Not "category," just "kategoria." There is some evidence
also that
kategoria is used in the theory of theatre in a similar
sense to
this day. So, I have to give some plausibility to the claim
that
the word had such a sense in Vygotsky's circle of theatrical
friends in Moscow before he went into psychology, but I cannot
document it from that time. "Predicement" remains the technical
word in theatre for the situation from which a plot
develops, the
source of the basic tension which drives the story. I have long
been of the view, on the basis of reading Volume 5 of the
LSV CW,
that the "social situation of development" can be
characterised in
Vygotsky's view, as a "predicament." But I made the connection
with a Marxist view of history, not the theory of theatre.
On Catharsis, I have found the source of this concept in
Freud and
an article by Freud is attached. It is called "working
through" in
this article. Interesting. It makes sense.
Thank you Anton, and Huw for your insights,
Andy
Andy Blunden wrote:
Thank you Huw. Very encrouaging. "Resolution" seems to
capture
a lot of it.
I have consulted the OED On-line for "*category*" and found
nothing surprising about its meaning, as used by
Aristotle and
Kant and in mathematics, more or less meaning "class" but
extendable to abstract concepts. But what OED did tell me,
which adds yet another intriguing thread to the puzzle, is
that its Latin roots mean "predicament," and in olden days,
"category" used to be translated as "predicament."
Now "predicament" here is related to "predicate" as in
subject
and predicate, a key metaphysical distinction for Aristotle
and dialectics generally, but it forces me to reflect
on the
relation of "predicament" - and therefore "category" - to
"situation", as in "social situation of development,"
which I
have always said, based on how Vygotsky uses the term,
should
be understood as a "predicament," but in the common
usage of
this word as a situation or trap, from which one must
make a
development in order to escape.
*Catharsis*, according to OED is the Greek word meaning
"cleansing" or "purging," which is of course what is
commonly
understood by the word. With reference to Aristotle is
means
"the purification of the emotions by vicarious experience."
Vicarious!? The Freudian usage you referred to (thank you),
Huw, is "The process of relieving an abnormal excitement by
re-establishing the association of the emotion with the
memory
or idea of the event which was the first cause of it,
and of
eliminating it by abreaction." This sounds very much
like how
I have understood Vygotsky to be using the term!!
All that is fine.
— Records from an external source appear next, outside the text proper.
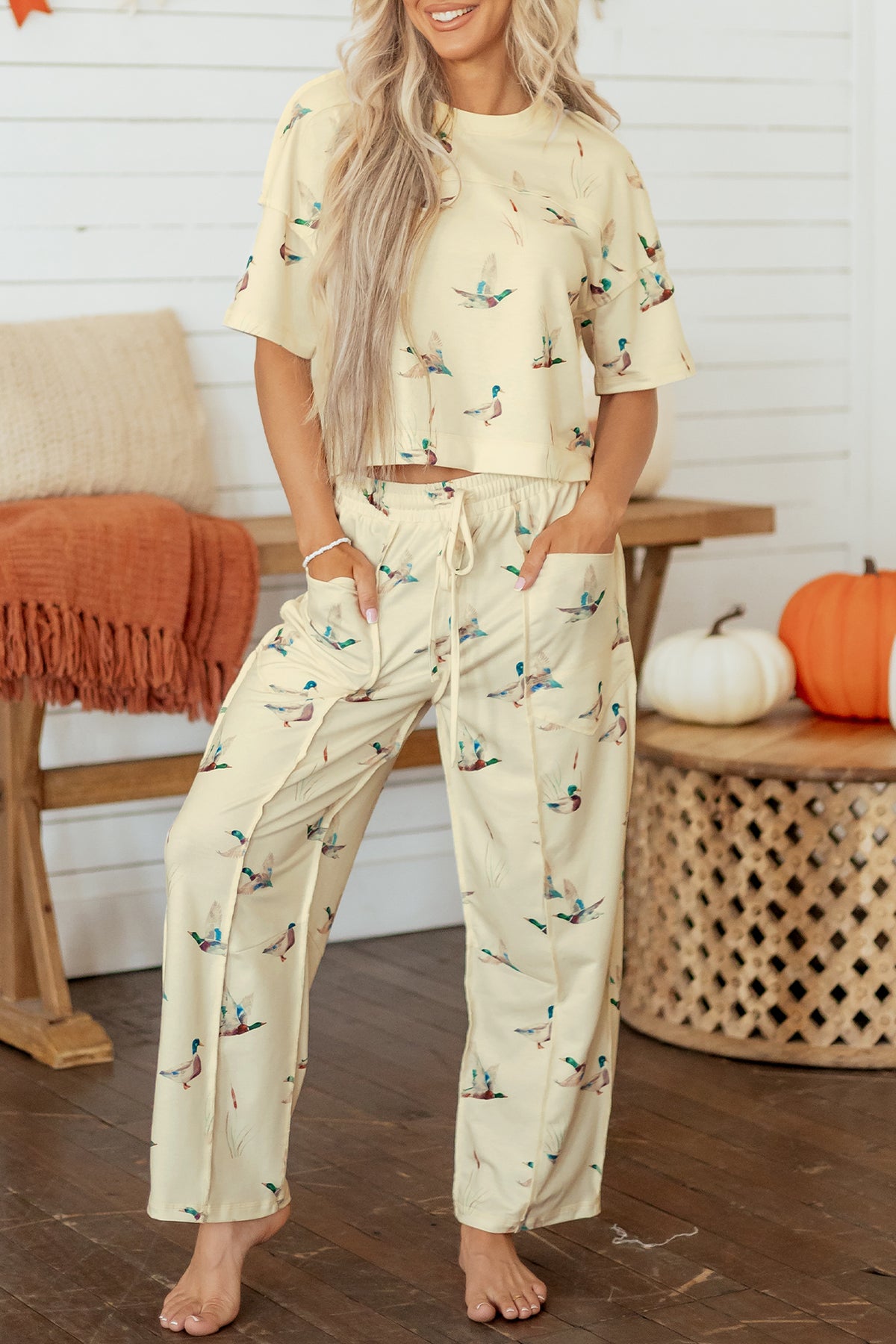 Mallard Print Short Sleeve Top Pocket Pants 2pcs Casual Set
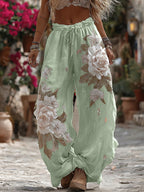 Women's Vintage Romantic White Rose Embroidery Art Comfy Linen Pants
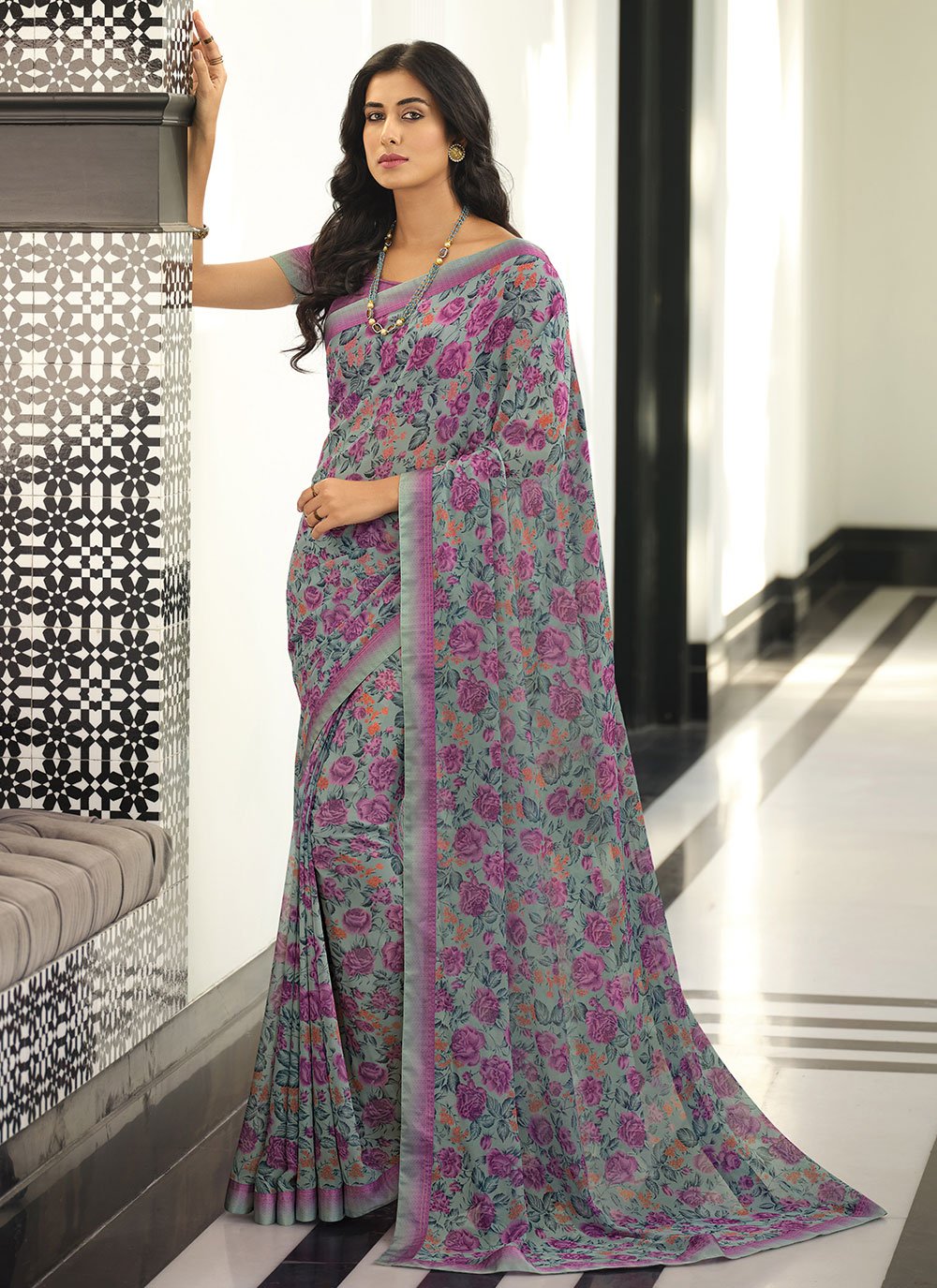 Trendy Saree Georgette Grey Lace Saree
A true detective story, as Anton
says! But
what is the Russian word which is a unity of these
disparate
concepts??!!
:)
Andy
Huw Lloyd wrote:
On 9 June 2011 08:24, Andy Blunden
<ablunden@mira.net <mailto:ablunden@mira.net>
<mailto:ablunden@mira.net
<mailto:ablunden@mira.net>> <mailto:ablunden@mira.net
<mailto:ablunden@mira.net>
<mailto:ablunden@mira.net
<mailto:ablunden@mira.net>>>> wrote:
I have been watching Nikolai Veresov's videos on
vimeo.
I refer to
No. 2 in particular:
http://vimeo.com/groups/chat/videos/10226589
In this talk, Nikolai is explaining his view of the
development of
Vygotsky's theory of the development of the high
mental
functions
through the appropriation of social functions,
and in
doing so, he
appears to be mistaking the English word
"category" for the
English word "catharsis."
I think that there is an issue with the English
(Freudian)
use of "catharsis" that refers to expression without
genuine influence, which a) I don't think is
cathartic and
b) not what was intended in psychology of art, i.e.
achieving, or identifying with, a genuine change (or
resolution), even if only a resolution of a staged
performance (identification), or some other art.
This notion of "real" catharsis then becomes more
related
to the notion of category.
In my studies and thinking I have been happy with
Nikolai's use of the term category and it's relation to
stage. With respect to plan/plane correspondences
there
are several overlapping aspects, which seem to be quite
precisely captured by this otherwise ambiguous term
(joint
context, intention and topological representation).
The dramatic conflict (category) has correspondence
with
(distributed) self-organisation. The social
participation
of emotionally led behaviour leads to structured
forms of
participation, e.g. acquiring new coordinating
structures
in the process of achieving one's goals.